I drove there after dropping the kids off at school, which is about a mile up the road the other way. Here it is:
The remarkable thing about this experience is how unremarkable it was, not that the house itself needs to be important or interesting, but that the street was quiet, no one there but me and a couple of gardeners, and it's right off a main thoroughfare near a shopping complex with a Trader Joe's. The house itself was protected as a "historical resource" by the Historical Society of Los Altos in late 2013 and the only indication that you are in the right place once you get there is that there are small, discreet signs in two or three locations on the property that indicate that your presence is being recorded by surveillance cameras.

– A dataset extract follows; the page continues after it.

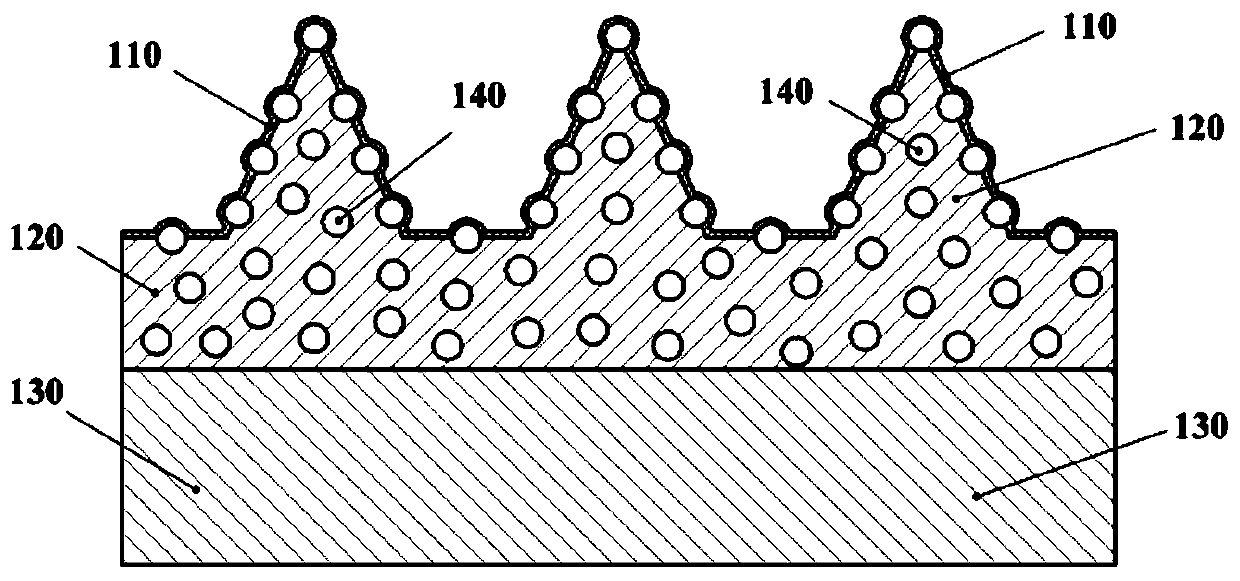 Flexible surface enhanced Raman detection substrate and preparation method and preparation system thereof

Jobs lived there from 7th grade through high school and assembled the first set of Apple 1's there in 1976 -- with Woz. You can't help but wonder what synapses fired in what sequence in his brain as a result of living here, but the connection between Apple and the orchards is, according to Steve himself, not a coincidence.

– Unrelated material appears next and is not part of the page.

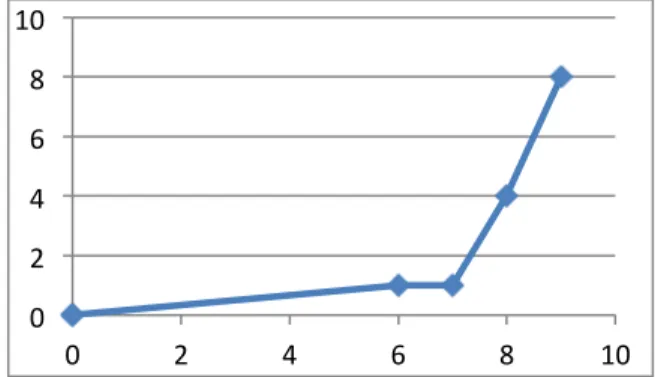 Grafik  2.  Data  Kemampuan  Kerjasama   Siklus II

From Walter Isaacson's biography: "On the naming of Apple, he said he was 'on one of my fruitarian diets.' He said he had just come back from an apple farm, and thought the name sounded “fun, spirited and not intimidating.”
It was the All-One "commune"/farm in Oregon, where Steve had friends and visited on occasion. They grew apples there. To me "Apple" also suggests portability, accessibility, simplicity and color. Branding genius? We'll never know whether it had anything to do with Apple Records (marketers know, brand confusion CAN work in your favor); whatever it was, it works.